COLUMBUS — A report from the state auditor's office concluded that former Platte County adult pretrial diversion coordinator Traci Nelsen failed to deposit more than $56,000 in program fees to the county treasurer during a three-year period.
The figure was included in the 2016-17 annual audit report released this week by the state office.
Nelsen, 43, has been charged with two counts of theft and one count of tampering with physical evidence and is awaiting a Feb. 5 jury trial in Platte County District Court.
According to the auditor’s report, a total of 425 cases were referred to the pretrial diversion program during a three-year period ending last summer, with fees totaling $26,710 for 246 of those cases not deposited with the county treasurer’s office.
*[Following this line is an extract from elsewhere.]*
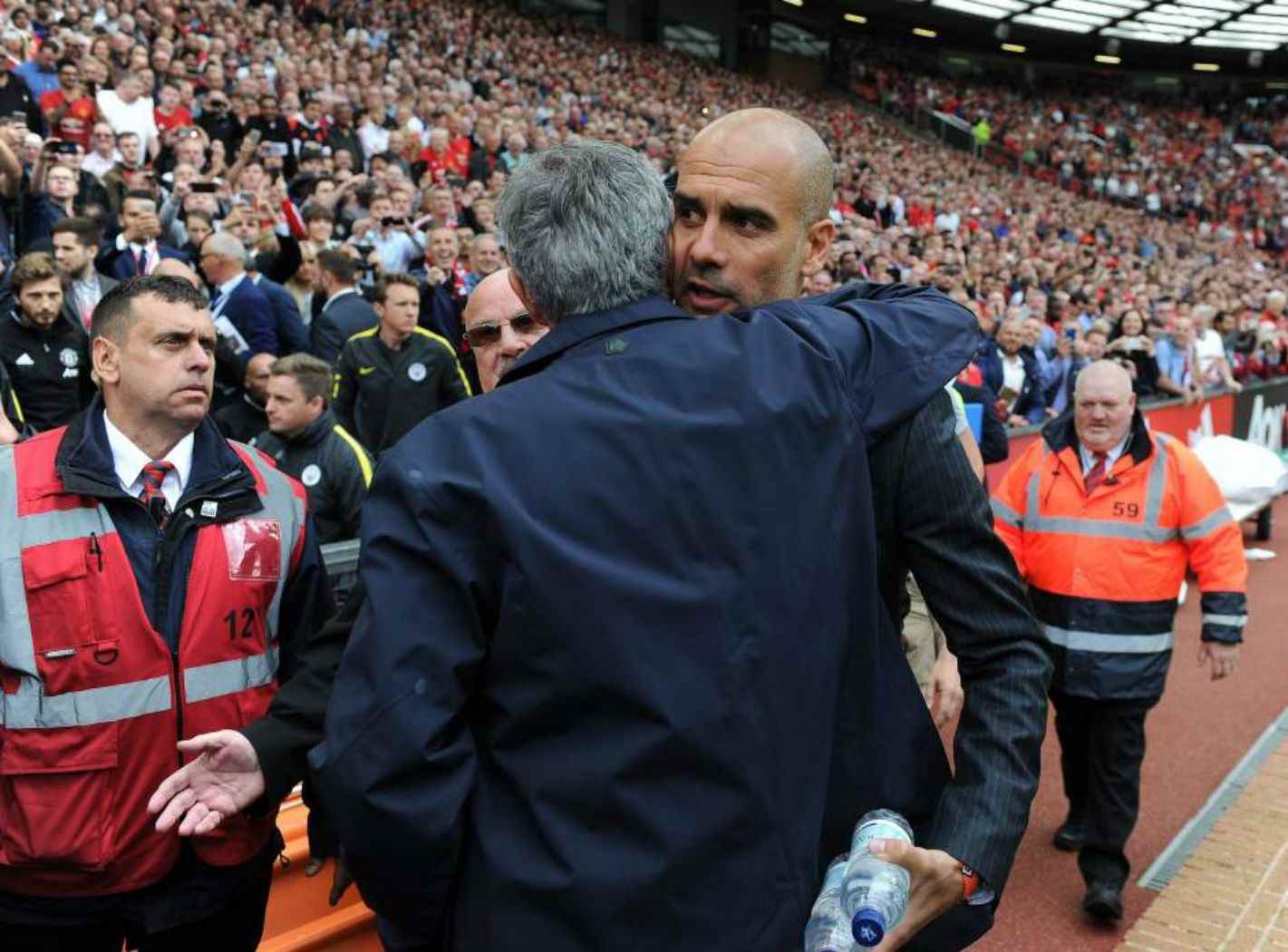 Guardiola: "Mourinho i jo som bessons, els dos volem guanyar títols"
In 50 of the 246 cases, only partial payment records could be located, but court documents show the participants successfully completed the program. In 142 of the cases, no payment records were found, but the participants completed the program.
It is “reasonable” to believe the participants in those cases paid all program fees, which would account for an additional roughly $29,000 in missing funds, according to a summary in the audit report.
The remaining 37 cases, the report concluded, are for participants who are still in the diversion program or whose cases related only to restitution, with records not indicating diversion money was received by the program.
The adult diversion program’s minimum fee is $160 per case, which includes the $40 application fee and $30 monthly charge for four months.
The audit included a detailed review of payment records discovered on Nelsen's tablet and flash drive and documents that were located in a locked file cabinet, as well as program participant and victim interviews conducted by the county attorney's office.
The review identified multiple fraudulent and questionable transactions, according to the audit report.
In total, Nelsen is accused of diverting more than $56,000 in program fees to personal use.
The Monroe woman faces theft charges stemming from the missing funds. The tampering charge alleges she destroyed physical evidence of the thefts sometime in August as an official inquiry was about to get underway.
The theft charges are Class 2A felonies, each punishable by up to 20 years imprisonment. The tampering with physical evidence charge is a Class IV felony with a penalty of up to two years in prison, 12 months of post-release supervision and a $10,000 fine.
Nelsen, who left her position with Platte County in late August, was previously convicted of similar criminal charges in 2003 in Kansas.
The Monroe woman voluntarily surrendered her license to practice law in Kansas after being convicted of theft and false reporting, both misdemeanor offenses. When Nelsen was disbarred by the Kansas Supreme Court in June 2003, she was facing a formal complaint filed against her by the state’s disciplinary administrator’s office.
Nelsen was hired as the Platte County victims assistance coordinator in 2009 and named coordinator of the newly created adult diversion program in April 2014.